DATASET EXCERPT:
______
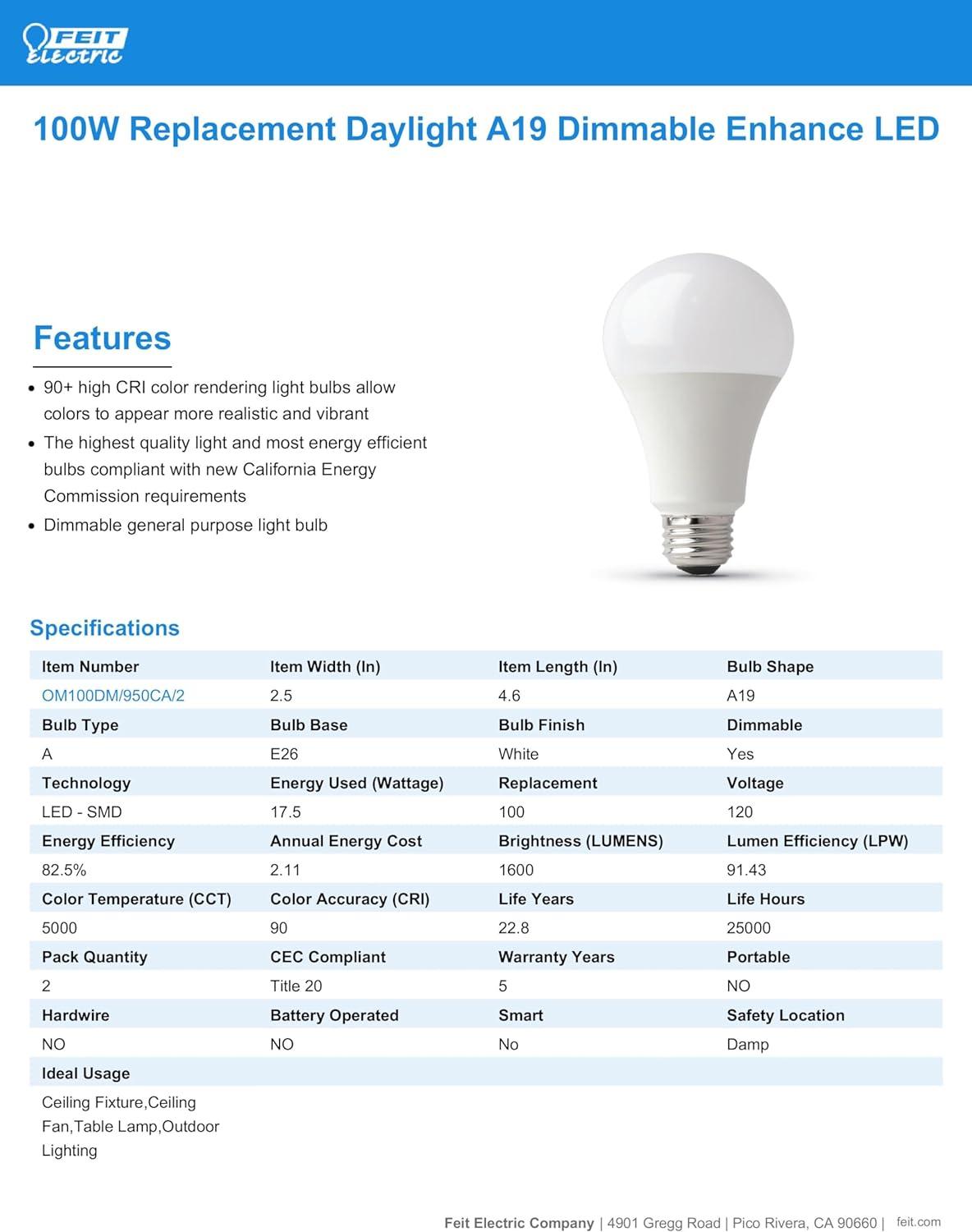 Feit Electric Enhance A19 E26 (Medium) LED Bulb Daylight 100 Watt Equivalence 2 pk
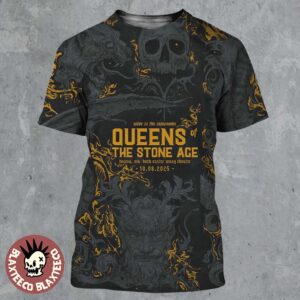 Queens Of The Stone Age Boston Massachusetts 2025 Venue Poster At Boch Center Wang Theatre On October 8 2025 Alive In The Catacombs All Over Print Shirt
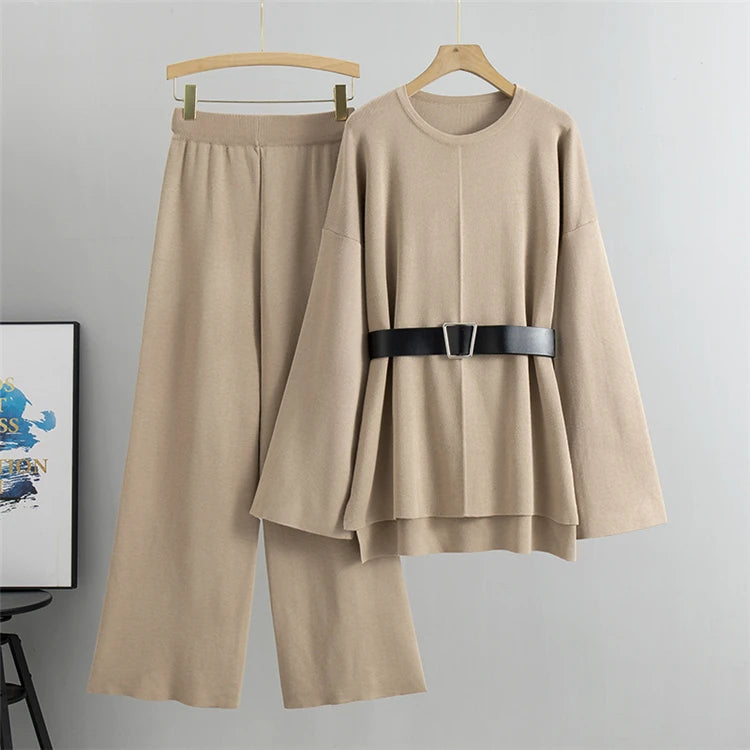 Women's suit Knitted 2 pieces Set Tracksuits Women Thick Casual Loose Sweater+Ankle-Length Pants Warm Suits Fashion Autumn 2025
______
WHAT TO PRODUCE:
Excluding images, output exactly the lines from the one that holds "Queens Of The" through the final line of the material, both ends included.

TASK RESPONSE:
 Queens Of The Stone Age Boston Massachusetts 2025 Venue Poster At Boch Center Wang Theatre On October 8 2025 Alive In The Catacombs All Over Print Shirt
 Women's suit Knitted 2 pieces Set Tracksuits Women Thick Casual Loose Sweater+Ankle-Length Pants Warm Suits Fashion Autumn 2025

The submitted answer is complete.